### TASK STATEMENT
Nothing outside the range below should be printed. Output exactly the lines from the line with "Ιεράπετρα: Σύλληψη για" to the line with "Grundstück zu verkaufen", both included.

DATA START

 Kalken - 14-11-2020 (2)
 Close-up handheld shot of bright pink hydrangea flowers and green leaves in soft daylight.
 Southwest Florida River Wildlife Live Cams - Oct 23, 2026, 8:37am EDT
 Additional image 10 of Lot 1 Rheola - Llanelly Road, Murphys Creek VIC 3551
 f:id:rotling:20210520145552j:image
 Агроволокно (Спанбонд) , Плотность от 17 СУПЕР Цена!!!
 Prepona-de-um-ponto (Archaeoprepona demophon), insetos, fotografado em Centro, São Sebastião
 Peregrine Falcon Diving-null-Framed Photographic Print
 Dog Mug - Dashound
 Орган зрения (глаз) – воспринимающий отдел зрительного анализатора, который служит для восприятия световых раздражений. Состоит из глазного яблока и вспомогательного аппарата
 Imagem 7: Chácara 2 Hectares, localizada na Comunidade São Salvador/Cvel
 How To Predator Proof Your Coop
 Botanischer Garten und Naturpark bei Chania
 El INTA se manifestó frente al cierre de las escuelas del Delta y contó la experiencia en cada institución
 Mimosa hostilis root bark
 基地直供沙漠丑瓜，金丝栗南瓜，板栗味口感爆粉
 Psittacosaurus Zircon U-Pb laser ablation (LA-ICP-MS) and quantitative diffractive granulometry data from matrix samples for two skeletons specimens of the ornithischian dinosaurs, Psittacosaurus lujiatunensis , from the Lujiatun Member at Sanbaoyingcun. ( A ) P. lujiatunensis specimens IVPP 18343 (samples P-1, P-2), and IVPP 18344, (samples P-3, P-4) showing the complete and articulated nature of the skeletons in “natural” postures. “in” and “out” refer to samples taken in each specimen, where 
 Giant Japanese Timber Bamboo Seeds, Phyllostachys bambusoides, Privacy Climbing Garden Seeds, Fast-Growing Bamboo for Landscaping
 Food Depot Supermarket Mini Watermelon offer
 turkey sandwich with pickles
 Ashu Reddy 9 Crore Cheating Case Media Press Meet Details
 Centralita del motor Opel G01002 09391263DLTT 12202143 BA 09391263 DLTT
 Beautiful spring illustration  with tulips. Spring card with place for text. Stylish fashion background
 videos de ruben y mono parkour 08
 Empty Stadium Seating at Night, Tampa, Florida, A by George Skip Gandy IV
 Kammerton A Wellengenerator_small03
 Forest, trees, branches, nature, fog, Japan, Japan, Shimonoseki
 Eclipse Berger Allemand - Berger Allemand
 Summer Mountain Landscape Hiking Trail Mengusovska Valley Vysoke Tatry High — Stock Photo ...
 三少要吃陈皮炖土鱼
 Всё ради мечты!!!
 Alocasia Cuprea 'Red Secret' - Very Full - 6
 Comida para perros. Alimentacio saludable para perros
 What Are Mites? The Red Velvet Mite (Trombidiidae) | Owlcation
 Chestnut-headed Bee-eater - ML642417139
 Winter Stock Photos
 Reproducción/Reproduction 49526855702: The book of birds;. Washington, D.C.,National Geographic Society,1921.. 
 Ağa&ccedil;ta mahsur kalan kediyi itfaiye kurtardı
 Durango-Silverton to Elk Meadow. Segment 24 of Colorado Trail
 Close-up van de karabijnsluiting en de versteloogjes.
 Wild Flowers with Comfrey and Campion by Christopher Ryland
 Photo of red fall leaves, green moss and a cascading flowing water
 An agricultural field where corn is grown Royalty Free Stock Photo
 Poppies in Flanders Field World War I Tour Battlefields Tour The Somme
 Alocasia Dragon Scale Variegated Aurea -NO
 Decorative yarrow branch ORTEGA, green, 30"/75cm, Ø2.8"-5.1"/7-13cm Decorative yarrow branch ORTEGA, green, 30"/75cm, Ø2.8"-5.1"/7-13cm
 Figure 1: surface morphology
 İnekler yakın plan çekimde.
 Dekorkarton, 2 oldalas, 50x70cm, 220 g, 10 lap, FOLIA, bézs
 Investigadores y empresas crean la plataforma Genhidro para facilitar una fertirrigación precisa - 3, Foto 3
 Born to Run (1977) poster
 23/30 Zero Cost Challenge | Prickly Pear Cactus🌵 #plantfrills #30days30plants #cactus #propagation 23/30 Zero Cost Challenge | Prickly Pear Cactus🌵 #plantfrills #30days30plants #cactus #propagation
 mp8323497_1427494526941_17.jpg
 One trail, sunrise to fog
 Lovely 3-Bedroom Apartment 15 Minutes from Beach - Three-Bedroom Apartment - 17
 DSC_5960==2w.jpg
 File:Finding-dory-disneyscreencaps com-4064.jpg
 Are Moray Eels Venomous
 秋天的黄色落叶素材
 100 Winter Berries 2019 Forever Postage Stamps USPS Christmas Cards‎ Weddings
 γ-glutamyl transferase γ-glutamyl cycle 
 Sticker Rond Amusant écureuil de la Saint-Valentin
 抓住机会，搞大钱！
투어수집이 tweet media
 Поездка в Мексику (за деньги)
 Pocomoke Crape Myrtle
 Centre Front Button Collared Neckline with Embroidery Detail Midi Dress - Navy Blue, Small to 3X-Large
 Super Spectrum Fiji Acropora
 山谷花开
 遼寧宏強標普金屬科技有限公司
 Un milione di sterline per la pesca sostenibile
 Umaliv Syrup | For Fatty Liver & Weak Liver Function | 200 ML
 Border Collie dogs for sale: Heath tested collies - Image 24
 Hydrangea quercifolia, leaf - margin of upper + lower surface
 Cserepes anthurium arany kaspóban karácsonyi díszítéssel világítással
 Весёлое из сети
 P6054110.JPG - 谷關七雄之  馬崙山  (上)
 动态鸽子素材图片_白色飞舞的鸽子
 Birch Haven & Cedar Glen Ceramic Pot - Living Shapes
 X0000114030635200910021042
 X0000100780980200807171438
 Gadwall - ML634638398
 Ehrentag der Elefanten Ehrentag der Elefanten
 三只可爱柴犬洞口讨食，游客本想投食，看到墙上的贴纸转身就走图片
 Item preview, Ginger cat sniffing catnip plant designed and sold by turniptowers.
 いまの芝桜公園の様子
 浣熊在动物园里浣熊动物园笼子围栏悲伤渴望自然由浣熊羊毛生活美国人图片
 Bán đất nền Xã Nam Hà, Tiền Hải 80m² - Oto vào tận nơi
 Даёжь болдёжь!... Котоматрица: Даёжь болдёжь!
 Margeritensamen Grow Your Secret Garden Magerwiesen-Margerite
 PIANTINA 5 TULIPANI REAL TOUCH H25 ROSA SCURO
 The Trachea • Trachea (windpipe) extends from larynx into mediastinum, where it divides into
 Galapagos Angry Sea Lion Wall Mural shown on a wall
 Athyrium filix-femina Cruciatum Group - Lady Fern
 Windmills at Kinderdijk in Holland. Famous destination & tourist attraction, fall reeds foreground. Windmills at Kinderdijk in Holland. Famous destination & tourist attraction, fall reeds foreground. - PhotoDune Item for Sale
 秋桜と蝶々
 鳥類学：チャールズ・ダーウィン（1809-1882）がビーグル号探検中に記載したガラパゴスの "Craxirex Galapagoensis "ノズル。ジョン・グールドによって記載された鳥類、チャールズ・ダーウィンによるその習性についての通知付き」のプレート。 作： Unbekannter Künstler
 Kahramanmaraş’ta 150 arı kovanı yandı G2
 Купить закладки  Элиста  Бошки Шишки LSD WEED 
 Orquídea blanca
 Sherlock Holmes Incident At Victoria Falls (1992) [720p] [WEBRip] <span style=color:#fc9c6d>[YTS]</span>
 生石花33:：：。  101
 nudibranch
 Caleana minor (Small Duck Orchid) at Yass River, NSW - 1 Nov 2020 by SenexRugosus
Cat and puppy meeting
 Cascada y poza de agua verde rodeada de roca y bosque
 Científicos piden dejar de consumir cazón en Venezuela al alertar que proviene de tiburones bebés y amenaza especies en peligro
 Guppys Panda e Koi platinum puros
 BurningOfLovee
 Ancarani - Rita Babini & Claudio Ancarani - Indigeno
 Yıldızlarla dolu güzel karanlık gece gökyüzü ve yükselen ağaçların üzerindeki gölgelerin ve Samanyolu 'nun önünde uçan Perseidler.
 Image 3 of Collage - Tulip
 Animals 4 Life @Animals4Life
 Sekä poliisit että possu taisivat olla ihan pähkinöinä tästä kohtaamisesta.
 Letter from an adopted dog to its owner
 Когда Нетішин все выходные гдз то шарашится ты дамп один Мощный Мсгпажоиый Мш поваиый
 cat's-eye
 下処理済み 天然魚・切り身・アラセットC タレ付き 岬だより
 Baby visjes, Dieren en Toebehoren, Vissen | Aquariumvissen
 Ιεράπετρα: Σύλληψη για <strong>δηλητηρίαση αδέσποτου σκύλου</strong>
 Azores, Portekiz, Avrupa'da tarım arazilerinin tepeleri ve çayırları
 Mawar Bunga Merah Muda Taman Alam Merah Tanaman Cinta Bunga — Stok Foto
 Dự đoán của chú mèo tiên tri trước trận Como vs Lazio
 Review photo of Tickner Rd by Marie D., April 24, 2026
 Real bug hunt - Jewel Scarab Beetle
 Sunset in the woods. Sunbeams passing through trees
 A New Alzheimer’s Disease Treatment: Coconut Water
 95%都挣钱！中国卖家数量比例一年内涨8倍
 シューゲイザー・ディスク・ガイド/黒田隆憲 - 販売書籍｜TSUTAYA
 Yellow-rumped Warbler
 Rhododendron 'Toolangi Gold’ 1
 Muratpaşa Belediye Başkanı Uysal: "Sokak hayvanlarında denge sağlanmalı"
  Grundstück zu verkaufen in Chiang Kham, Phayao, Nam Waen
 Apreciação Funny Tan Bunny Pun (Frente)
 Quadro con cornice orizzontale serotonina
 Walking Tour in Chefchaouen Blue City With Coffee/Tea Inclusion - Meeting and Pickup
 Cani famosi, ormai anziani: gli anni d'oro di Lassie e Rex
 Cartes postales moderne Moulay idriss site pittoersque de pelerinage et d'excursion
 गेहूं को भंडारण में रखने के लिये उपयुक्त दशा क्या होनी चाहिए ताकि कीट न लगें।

DATA END

### ANSWER FOR THIS EXERCISE
 Ιεράπετρα: Σύλληψη για <strong>δηλητηρίαση αδέσποτου σκύλου</strong>
 Azores, Portekiz, Avrupa'da tarım arazilerinin tepeleri ve çayırları
 Mawar Bunga Merah Muda Taman Alam Merah Tanaman Cinta Bunga — Stok Foto
 Dự đoán của chú mèo tiên tri trước trận Como vs Lazio
 Review photo of Tickner Rd by Marie D., April 24, 2026
 Real bug hunt - Jewel Scarab Beetle
 Sunset in the woods. Sunbeams passing through trees
 A New Alzheimer’s Disease Treatment: Coconut Water
 95%都挣钱！中国卖家数量比例一年内涨8倍
 シューゲイザー・ディスク・ガイド/黒田隆憲 - 販売書籍｜TSUTAYA
 Yellow-rumped Warbler
 Rhododendron 'Toolangi Gold’ 1
 Muratpaşa Belediye Başkanı Uysal: "Sokak hayvanlarında denge sağlanmalı"
  Grundstück zu verkaufen in Chiang Kham, Phayao, Nam Waen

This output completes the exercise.